With ALS, there is constant grieving. Grieving for things you never thought would be an issue. I did not once think that I would be hit with a wave of grief getting ready for the bed I fought hard to get for the Big He. I didn’t think I would grieve the loss of not being able to touch him as I slept or roll over for a good morning kiss. The snuggles just before we drifted off to sleep or the conversations of our day or our future as we got ready for bed. The little things you don’t think of until they are gone.
Yep, coming back from pneumonia has been hard on all of us.

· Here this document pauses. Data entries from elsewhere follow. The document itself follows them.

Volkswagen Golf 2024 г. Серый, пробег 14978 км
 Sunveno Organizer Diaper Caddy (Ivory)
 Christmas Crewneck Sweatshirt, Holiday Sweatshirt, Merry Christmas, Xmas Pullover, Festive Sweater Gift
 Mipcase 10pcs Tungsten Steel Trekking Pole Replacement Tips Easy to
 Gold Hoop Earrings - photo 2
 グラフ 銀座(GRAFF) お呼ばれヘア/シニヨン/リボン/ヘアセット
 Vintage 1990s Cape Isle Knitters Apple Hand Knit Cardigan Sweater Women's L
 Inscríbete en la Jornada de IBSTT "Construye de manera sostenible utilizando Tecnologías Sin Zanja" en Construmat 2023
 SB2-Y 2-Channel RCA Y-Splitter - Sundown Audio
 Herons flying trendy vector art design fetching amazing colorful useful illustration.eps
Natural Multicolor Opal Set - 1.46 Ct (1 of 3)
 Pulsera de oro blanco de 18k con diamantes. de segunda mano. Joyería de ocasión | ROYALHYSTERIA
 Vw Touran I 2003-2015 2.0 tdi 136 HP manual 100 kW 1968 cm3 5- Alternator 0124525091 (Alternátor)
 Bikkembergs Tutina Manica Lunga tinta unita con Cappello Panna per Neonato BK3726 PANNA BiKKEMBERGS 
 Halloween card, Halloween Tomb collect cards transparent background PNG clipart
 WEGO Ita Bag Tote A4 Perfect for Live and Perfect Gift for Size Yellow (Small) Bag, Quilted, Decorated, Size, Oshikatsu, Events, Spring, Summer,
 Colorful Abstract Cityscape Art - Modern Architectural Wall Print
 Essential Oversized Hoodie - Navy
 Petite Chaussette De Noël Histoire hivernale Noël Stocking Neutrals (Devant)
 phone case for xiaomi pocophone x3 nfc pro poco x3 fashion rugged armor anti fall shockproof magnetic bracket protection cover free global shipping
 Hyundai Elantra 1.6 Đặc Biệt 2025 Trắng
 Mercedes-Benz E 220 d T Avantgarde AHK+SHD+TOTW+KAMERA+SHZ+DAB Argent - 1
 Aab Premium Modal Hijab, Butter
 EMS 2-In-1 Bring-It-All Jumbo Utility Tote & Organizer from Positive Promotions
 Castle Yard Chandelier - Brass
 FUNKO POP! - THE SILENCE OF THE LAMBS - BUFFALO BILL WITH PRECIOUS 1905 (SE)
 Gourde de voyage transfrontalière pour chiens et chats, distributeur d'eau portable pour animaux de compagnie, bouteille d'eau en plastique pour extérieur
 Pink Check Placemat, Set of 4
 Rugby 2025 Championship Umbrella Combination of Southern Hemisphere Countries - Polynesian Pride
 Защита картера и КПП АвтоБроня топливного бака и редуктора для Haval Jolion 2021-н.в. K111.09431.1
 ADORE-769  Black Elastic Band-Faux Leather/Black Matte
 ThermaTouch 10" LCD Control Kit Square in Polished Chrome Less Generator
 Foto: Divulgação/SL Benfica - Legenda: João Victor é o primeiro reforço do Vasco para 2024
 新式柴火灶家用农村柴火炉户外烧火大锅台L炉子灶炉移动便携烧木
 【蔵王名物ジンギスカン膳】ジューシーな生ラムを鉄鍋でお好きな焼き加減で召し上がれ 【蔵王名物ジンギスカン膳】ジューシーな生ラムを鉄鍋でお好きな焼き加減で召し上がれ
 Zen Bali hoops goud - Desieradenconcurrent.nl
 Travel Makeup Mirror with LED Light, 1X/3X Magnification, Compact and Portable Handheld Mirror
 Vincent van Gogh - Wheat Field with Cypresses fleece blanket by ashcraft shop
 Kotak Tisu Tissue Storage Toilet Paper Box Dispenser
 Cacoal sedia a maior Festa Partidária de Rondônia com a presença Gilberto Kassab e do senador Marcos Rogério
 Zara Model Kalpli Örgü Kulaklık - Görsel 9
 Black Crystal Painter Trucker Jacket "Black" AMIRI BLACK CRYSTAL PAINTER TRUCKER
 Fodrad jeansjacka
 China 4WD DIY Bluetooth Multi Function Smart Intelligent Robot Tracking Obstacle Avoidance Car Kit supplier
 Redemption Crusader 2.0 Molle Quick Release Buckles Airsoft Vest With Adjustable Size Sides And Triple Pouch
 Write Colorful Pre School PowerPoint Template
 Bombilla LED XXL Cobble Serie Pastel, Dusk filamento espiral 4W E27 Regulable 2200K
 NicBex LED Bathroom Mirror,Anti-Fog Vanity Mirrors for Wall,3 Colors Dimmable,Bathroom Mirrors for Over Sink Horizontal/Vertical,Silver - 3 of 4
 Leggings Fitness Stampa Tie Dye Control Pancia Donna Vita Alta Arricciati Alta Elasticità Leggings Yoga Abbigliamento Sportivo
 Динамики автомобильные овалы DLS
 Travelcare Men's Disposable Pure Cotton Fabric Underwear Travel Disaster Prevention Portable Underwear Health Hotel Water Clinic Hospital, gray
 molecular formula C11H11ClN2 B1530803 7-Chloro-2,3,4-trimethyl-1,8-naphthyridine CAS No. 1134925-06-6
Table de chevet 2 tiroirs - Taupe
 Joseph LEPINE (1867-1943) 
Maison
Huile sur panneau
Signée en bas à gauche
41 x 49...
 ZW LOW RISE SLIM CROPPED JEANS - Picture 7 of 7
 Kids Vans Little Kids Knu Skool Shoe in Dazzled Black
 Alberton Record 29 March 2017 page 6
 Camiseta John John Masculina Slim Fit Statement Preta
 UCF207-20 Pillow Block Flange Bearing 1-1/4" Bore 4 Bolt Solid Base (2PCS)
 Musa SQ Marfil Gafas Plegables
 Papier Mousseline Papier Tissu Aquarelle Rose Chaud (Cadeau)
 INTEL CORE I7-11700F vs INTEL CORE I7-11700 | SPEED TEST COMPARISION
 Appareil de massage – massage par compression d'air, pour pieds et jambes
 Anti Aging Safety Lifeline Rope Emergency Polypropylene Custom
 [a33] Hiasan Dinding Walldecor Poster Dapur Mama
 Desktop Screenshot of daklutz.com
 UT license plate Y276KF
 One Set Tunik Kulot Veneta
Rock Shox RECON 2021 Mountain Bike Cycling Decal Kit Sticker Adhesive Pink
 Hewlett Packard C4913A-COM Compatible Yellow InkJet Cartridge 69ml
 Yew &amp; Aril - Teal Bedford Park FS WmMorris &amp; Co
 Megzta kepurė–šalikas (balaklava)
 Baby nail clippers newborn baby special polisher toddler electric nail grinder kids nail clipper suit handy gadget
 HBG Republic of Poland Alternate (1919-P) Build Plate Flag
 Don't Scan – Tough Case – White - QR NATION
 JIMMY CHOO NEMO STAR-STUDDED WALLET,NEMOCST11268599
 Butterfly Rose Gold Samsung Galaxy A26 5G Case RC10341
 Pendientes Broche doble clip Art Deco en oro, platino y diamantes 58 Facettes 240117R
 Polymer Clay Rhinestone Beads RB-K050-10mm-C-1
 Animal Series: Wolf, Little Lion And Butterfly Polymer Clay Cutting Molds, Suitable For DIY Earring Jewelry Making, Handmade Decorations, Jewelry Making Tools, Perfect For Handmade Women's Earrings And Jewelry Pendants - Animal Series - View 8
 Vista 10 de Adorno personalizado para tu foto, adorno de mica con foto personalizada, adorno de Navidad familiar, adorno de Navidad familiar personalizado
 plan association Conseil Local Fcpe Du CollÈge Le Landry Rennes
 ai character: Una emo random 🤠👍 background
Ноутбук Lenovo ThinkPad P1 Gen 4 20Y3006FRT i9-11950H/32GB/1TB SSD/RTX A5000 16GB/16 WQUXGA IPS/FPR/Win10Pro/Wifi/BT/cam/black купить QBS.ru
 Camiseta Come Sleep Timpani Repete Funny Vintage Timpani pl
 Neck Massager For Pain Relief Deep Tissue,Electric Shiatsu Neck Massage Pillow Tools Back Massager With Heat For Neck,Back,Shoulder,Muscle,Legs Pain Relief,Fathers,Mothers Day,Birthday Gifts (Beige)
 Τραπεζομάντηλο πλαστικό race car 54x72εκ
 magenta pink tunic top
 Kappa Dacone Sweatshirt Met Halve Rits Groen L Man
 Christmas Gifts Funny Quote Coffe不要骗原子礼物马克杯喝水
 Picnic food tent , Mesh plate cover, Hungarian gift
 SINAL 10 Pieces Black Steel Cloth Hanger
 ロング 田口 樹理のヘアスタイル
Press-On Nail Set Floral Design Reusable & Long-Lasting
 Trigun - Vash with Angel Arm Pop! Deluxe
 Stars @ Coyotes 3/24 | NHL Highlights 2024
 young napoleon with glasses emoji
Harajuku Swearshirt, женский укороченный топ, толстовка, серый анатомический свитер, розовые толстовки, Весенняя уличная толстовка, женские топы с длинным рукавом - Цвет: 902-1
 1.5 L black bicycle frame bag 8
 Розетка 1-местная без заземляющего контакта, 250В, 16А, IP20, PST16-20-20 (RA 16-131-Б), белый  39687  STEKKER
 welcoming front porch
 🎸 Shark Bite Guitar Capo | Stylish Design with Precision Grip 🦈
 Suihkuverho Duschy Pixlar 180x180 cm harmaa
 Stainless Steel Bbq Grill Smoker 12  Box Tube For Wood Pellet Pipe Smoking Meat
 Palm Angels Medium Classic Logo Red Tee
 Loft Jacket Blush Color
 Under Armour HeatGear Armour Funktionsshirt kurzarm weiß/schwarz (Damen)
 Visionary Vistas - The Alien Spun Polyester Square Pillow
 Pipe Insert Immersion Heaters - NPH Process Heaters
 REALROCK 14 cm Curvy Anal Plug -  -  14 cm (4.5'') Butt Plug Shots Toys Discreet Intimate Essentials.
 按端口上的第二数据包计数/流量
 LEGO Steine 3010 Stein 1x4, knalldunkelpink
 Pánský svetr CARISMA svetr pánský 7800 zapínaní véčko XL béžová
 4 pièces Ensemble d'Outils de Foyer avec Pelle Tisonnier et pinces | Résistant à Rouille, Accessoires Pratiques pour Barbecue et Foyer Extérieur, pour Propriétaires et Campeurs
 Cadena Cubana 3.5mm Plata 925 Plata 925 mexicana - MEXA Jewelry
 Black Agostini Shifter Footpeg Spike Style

Tonight, if you share your bed with a loved one, savor the goodnight kiss, enjoy the cold or warm feet, commit to memory the feel of having someone next to you.
All my love,
4 thoughts on “Coming back from Pneumonia”
Thank you for sharing your story and journey with us. I miss sleeping and cuddling with my wife. She has mentioned the idea of downgrading to a twin bed so we can sleep in the same room again but we haven’t done it yet. Always here to help any way I can. XOXO
It is the little things like cuddeling that you don’t think about. Tom and I appreciate the help you have given us and reading your words while in the hospital helped him get to this place (trach) with peace and not fear in his heart.
What is the name and type of bed, please I need for near future, my Gary. Prayers for your family always. I know my day of not sleeping in the marriage bed is coming very soon.
Y’all are in my prayers. Keep fighting.